A princípio, o descaso governamental quanto a educação dos deficientes auditivos é um dos principais desafios para a formação dos mesmos. Isso porque poucos recursos são destinados a instrução e adaptação de profissionais especializados em atender essas pessoas. Ademais, poucas instituições de ensino são adeptas ao uso de Libras -Língua Brasileira de Sinais e segunda língua oficial do Brasil- a qual é fundamental para inclusão de surdos nas escolas. Tudo isso acaba dificultando o processo de aprendizagem e marginalizando esses alunos.
Outrossim, a ignorância da população no que tange a realidade dos surdos também é um empecilho para seu desenvolvimento. Infelizmente, o preconceito contra esse grupo é reflexo da valorização dos padrões criados pela consciência coletiva. Destarte, como disse o educador Paulo Freire, “se a educação não transforma a sociedade, sem ela tampouco a sociedade muda” e, para que haja mudança, é preciso que toda a comunidade se envolva e lute pelos direitos daqueles em desvantagens, exigindo melhores condições de ensino para a formação de surdos.

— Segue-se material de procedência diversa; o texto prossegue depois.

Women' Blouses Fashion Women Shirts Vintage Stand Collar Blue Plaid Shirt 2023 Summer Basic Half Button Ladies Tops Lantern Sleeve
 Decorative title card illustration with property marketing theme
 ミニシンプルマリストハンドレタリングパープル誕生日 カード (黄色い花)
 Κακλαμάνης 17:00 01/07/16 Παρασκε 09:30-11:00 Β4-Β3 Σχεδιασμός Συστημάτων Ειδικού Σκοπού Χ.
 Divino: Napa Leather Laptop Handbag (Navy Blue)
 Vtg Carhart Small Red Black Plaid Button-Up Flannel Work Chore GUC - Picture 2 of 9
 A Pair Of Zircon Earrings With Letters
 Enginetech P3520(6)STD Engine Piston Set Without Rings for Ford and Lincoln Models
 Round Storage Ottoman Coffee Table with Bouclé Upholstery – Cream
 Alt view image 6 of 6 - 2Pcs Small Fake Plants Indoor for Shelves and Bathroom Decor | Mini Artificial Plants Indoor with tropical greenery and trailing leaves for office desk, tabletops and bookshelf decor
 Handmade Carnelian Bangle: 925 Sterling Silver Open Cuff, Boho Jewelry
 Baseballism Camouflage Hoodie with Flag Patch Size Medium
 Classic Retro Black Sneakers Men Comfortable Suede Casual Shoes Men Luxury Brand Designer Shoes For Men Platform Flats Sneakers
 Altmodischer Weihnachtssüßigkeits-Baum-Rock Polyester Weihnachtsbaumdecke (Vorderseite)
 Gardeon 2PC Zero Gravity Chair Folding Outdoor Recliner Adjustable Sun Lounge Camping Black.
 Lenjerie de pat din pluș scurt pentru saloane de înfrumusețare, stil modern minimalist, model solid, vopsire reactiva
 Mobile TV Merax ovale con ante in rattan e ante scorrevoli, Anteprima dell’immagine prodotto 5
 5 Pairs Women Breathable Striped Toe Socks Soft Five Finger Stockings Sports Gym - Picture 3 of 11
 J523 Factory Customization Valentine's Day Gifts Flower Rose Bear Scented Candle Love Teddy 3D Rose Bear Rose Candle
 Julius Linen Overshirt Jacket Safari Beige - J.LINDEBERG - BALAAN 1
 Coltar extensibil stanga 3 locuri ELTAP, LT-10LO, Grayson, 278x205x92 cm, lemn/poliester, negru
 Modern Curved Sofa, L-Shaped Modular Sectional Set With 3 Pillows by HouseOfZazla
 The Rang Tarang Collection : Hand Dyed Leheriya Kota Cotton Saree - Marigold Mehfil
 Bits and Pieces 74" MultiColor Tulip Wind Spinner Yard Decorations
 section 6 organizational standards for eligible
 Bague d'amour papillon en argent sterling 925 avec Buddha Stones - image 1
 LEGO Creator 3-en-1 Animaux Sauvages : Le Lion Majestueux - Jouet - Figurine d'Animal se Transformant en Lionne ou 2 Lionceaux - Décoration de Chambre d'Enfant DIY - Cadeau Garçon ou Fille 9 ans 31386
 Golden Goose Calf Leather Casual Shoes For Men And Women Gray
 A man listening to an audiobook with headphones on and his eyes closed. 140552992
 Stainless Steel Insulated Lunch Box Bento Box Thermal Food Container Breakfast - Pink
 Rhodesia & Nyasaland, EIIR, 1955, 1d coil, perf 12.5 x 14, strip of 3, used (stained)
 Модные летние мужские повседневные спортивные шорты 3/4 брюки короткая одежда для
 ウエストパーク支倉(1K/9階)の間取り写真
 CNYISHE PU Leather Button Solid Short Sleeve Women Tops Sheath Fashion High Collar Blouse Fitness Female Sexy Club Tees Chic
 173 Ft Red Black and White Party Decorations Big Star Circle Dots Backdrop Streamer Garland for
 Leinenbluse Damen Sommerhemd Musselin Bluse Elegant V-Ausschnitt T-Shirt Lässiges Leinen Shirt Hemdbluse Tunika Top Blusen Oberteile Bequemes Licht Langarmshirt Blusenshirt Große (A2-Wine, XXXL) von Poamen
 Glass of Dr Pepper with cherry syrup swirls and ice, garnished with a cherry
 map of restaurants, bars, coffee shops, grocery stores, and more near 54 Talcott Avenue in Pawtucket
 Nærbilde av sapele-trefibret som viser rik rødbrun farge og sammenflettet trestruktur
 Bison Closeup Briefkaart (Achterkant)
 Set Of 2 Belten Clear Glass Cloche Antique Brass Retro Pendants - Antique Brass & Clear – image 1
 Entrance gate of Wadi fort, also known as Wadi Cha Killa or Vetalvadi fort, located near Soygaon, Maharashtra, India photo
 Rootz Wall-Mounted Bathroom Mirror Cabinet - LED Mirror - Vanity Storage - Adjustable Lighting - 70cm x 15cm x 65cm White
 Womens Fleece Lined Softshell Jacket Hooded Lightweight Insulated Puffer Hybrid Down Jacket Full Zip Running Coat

Em virtude dos fatos mencionados, cabe ao Ministério da Educação desenvolver projetos culturais, com palestras e rodas de conversas, que envolvam a família e toda comunidade escolar, para fomentar a inclusão social dos indivíduos surdos. Além disso, deve integrar a grade curricular obrigatória a disciplina de Libras, com profissionais especializados que tornem o ensino mais democrático, investindo em materiais didáticos e lúdicos que facilitem a compreensão. E então, talvez assim, os direitos promulgados pela ONU em 1948 sejam executados satisfatoriamente.